I-66 in Fairfax County has always baffled me as the only 2-lane interstate highway to access a major city. A simple geospatial analysis I performed in Google Earth examining road conditions in America’s top ten metros show I-66 is the narrowest Interstate Highway feeding a downtown area. As Governor McAuliffe and Transportation Secretary Aubrey Lane move to seal off the district from us cheap suburbanites with sky-high tolls, many wonder if parallel collector streets and Metro busses can handle the inevitable spillover.
The top ten major metros (New York, Los Angeles, Chicago, Dallas, Houston, Washington, Philadelphia, Miami, Atlanta, and Boston) all have two or more major highways entering the central business district. Each highway has at least 3 travel lanes with two exceptions: I-78 (Jersey Turnpike ext.) and 478 in New York City shorten to 2 lanes on approach to the Holland and Brooklyn Battery Tunnels and a 0.8 mile section of I-76 (Schuylkill Expy) in Philadelphia. That section of I-76 has an Average Daily Traffic (ADT) count of 26,000 cars whereas peak morning hours alone produce that many drivers on I-66 in Arlington. The actual width of these roadways (including shoulder) are more accommodating too, where I-78 and I-76 measure 34’-36’ in length per direction and I-66 between Glebe Rd and Lee Hwy typically measure 31’-34’.

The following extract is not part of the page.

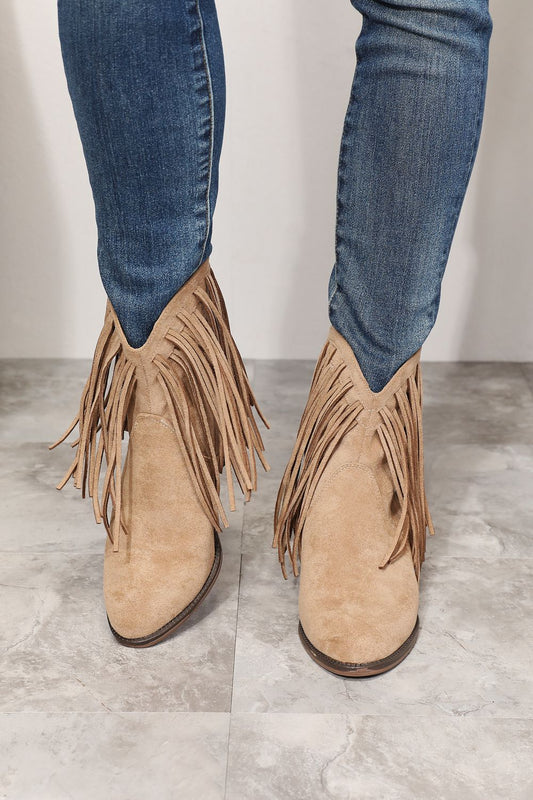 The Fringed Cowgirl Ankle Boots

According to the VDOT website there are still no plans in place to expand or enhance Lee Hwy, Arlington Blvd or Washington St. These are the main roads that parallel I-66, and spillover from drivers who don’t want to pay over $4,000 extra per year is inevitable.

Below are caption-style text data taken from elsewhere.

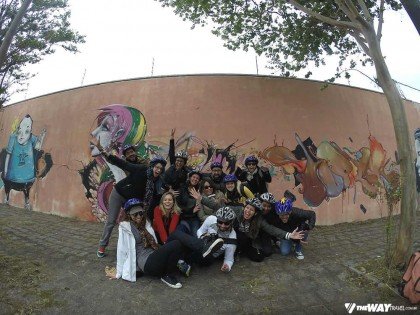 Blogueiros no Arte Bike Tour Curitiba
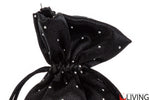 sacchetto portaconfetti raso diamond nero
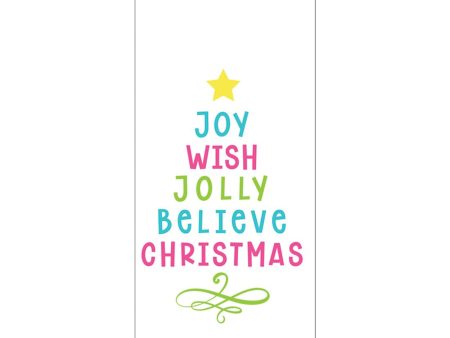 Joy Wish Jolly Tree Hand Towel Discount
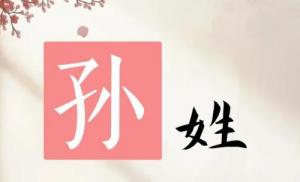 孫姓女孩名字大全2024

This whole process reeks of NIMBYism and elitism from wealthy Arlington government elites. Having known residents and business contacts in the county, they want to keep their government funded homestead as pristine and unfelled as possible. Numerous proposals to widen I-66 in the past 20 years have been offered only to be rejected by well-financed legal defenses. Meanwhile, lawmakers are somehow still convinced that ‘no’ means ’yes’ and we can’t wait to board their little busses and trains.
During the 5:30 to 9:30 a.m. rush, nearly 38 percent of all eastbound traffic comes from the Dulles Connector Road (Route 267), while 29 percent comes from I-66 west of the Beltway. Maddening as it is, the tolls won’t go toward road improvements; commuters are paying for bike paths and subsidizing mass transit. People in Loudoun and Prince William Counties will be paying $9.8 million for Metro Bus maintenance and bike paths in Arlington. Furthermore, for those of you who love the idea of digging your own graves, an additional $2 million of your tolls will go toward constructing the toll lane infrastructure.
Roughly $2.2 million will go into ‘exclusive bike transit lanes’ and high-tech interactive signage in metro Arlington. Keep in mind these bike transit lanes are carved out of existing roadway. An additional 16 bike share stations, some adjacent to Metrorail stations, will serve as a final trip connector from rail and bus stops. The Northern Virginia Transportation Commission claims this will accommodate 450 extra trips per day, but color me skeptical. The 77 percent ($7.6 million) of the remaining tolls revenue will fund new and enhanced bus service.
“These projects will have a significant impact, ultimately moving an extra 5,000 people through the corridor each morning,” says NVTC Commissioner Jay Fissett. Once again, ladies and gentlemen; color me skeptical.